*** EXTRACTED DATA ***
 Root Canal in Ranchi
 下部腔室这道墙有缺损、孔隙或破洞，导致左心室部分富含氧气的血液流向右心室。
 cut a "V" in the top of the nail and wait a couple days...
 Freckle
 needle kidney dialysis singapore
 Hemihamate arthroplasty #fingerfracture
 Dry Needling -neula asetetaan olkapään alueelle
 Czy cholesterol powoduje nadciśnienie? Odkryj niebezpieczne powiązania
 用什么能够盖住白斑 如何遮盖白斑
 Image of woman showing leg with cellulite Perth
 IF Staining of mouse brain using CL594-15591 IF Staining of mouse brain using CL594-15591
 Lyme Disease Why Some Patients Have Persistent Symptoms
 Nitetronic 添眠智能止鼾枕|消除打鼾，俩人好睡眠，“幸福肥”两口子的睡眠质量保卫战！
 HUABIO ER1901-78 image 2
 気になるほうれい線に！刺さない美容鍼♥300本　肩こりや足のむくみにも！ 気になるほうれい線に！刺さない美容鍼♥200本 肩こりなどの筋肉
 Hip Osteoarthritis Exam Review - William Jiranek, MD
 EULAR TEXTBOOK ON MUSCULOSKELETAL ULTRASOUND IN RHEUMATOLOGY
*** End of EXTRACTED DATA ***
* **ABOUT THIS TASK**
Your answer must be the line that contains "a couple days..." and every line after it to the end of the records, reproduced exactly.

* **RESULT**
 cut a "V" in the top of the nail and wait a couple days...
 Freckle
 needle kidney dialysis singapore
 Hemihamate arthroplasty #fingerfracture
 Dry Needling -neula asetetaan olkapään alueelle
 Czy cholesterol powoduje nadciśnienie? Odkryj niebezpieczne powiązania
 用什么能够盖住白斑 如何遮盖白斑
 Image of woman showing leg with cellulite Perth
 IF Staining of mouse brain using CL594-15591 IF Staining of mouse brain using CL594-15591
 Lyme Disease Why Some Patients Have Persistent Symptoms
 Nitetronic 添眠智能止鼾枕|消除打鼾，俩人好睡眠，“幸福肥”两口子的睡眠质量保卫战！
 HUABIO ER1901-78 image 2
 気になるほうれい線に！刺さない美容鍼♥300本　肩こりや足のむくみにも！ 気になるほうれい線に！刺さない美容鍼♥200本 肩こりなどの筋肉
 Hip Osteoarthritis Exam Review - William Jiranek, MD
 EULAR TEXTBOOK ON MUSCULOSKELETAL ULTRASOUND IN RHEUMATOLOGY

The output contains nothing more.